> _AVAILABLE DATA_
____________
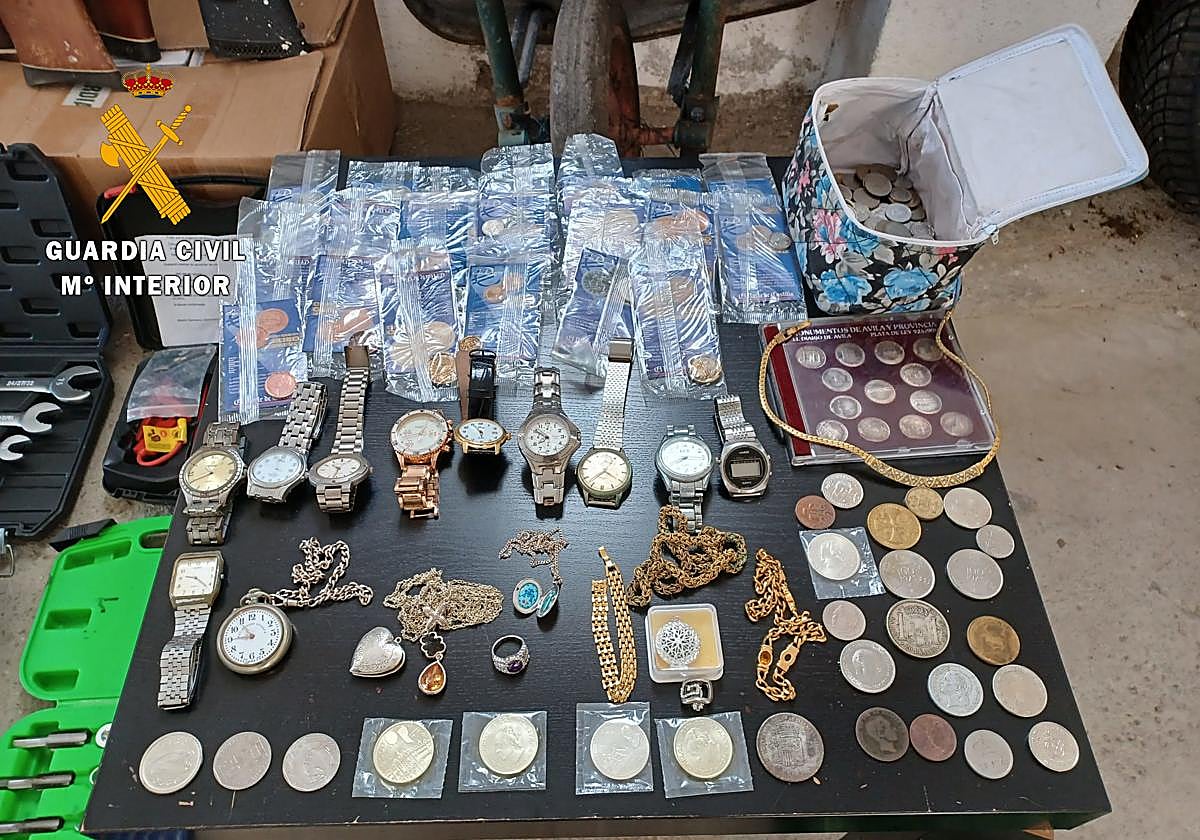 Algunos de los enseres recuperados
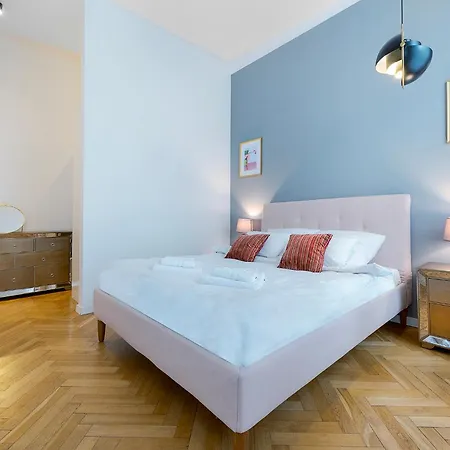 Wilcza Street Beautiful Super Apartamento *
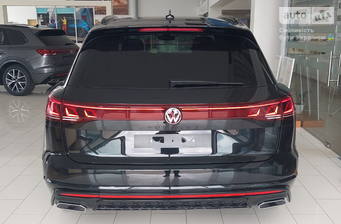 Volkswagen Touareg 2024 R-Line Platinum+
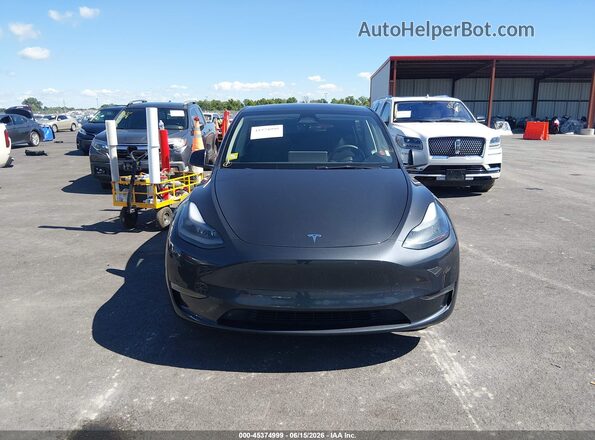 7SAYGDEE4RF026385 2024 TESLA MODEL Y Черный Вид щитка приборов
____________
> _TASK_
Copy out the material above in full and exactly; its pictures are not to appear.

> _RESULT BELOW_
 Algunos de los enseres recuperados
 Wilcza Street Beautiful Super Apartamento *
 Volkswagen Touareg 2024 R-Line Platinum+
 7SAYGDEE4RF026385 2024 TESLA MODEL Y Черный Вид щитка приборов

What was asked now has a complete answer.